Auch im Bereich der Industrieemissionen wurden viele Fälle von „Gold Plating“ aufgedeckt. Diese und noch mehr Beispiele werden in der 141 Seiten starken Publikation aufgelistet – wir widmen uns diesen im Rahmen einer Sonderserie, die kommende Ausgabe startet. Gemeinsam mit der WKÖ wurde darüber hinaus ein umfangreiches Reformpaket erarbeitet – mit 200 Fällen von „Gold Plating“, die zurückgenommen werden sollen.
Teure „Fleißaufgaben“ für die Wirtschaft
Ein Reformpaket mit 200 Gold-Plating-Rücknahmevorschlägen wurde mit der WKÖ geschnürt.
Vom Murkraftwerk bis zur dritten Piste in Wien-Schwechat, vom Umgang mit der Elektroschlacke der Marienhütte bis zur Übererfüllung der europäischen Hygienestandards im „Kochlöffel-Fall“ einer Grazer Bioladen-Betreibern. Die Liste der „Gold Plating“-Fälle in Österreich ist lang. Um gegenzusteuern, wurde mit der WKÖ ein umfangreiches Reformpaket geschnürt, das nun Minister Josef Moser übergeben wurde und u.a. folgende Erleichterungen vorsieht.
- Chemikalienrecht: Weltweit ist das EU-Chemikalienrecht das strengste seiner Art. Trotzdem hat Österreich noch zahlreiche Relikte aus Vor-EU-Zeiten. Entrümpelung ist nötig.
- Abfallwirtschaft: Unter dem Motto „Zettelwirtschaft verringern“ sollte die in Österreich überbordende Datensammlung über Abfälle auf die EU-Vorgaben fokussiert sein. Ein Abfallwirtschaftskonzept sollte nur dort verpflichtend sein, wo es EU-Vorgaben verlangen.
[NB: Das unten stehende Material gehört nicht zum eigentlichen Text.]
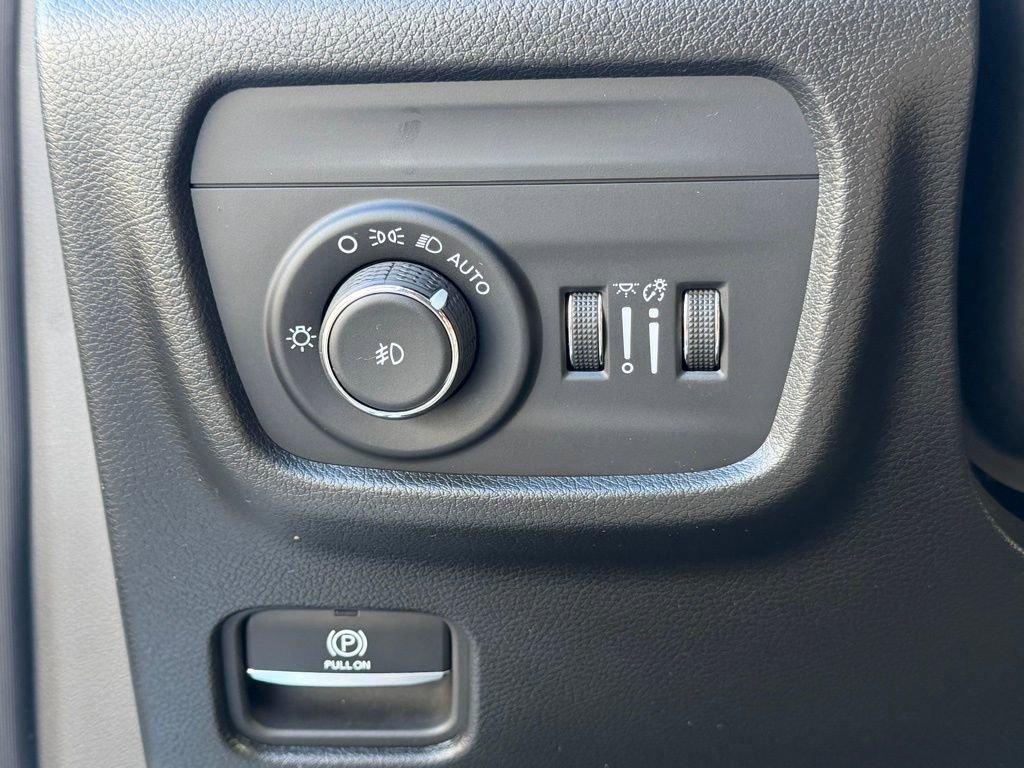 Certified 2024 Jeep Grand Cherokee L Summit w/ MOPAR Finishing Package image 30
- Telekommunikationsgesetz: Die kostenlose Papierrechnung als Standard-Vorgabe ist EU-rechtlich nicht vorgesehen und auch nicht mehr zeitgemäß. Stattdessen sollte als Standard die elektronische Übermittlung vorgesehen werden.
- Güterbeförderungsgesetz. Um eine ausreichende Anzahl an Abstellplätzen in Unternehmensnähe zu garantieren, sieht das Güterbeförderungsgesetz den Nachweis von geeigneteten Abstellplätzen vor. Unionsrechtlich ist das nicht vorgesehen.
- Lohn- und Sozialdumping. Nach der EU-Richtlinie sorgen die Mitgliedstaaten für die Einhaltung der Mindestlohnsätze einschließlich der Überstundensätze. Das österreichische Gesetz sieht drakonische Strafen für Unterentlohnung und einen weiteren Entgeltbegriff vor.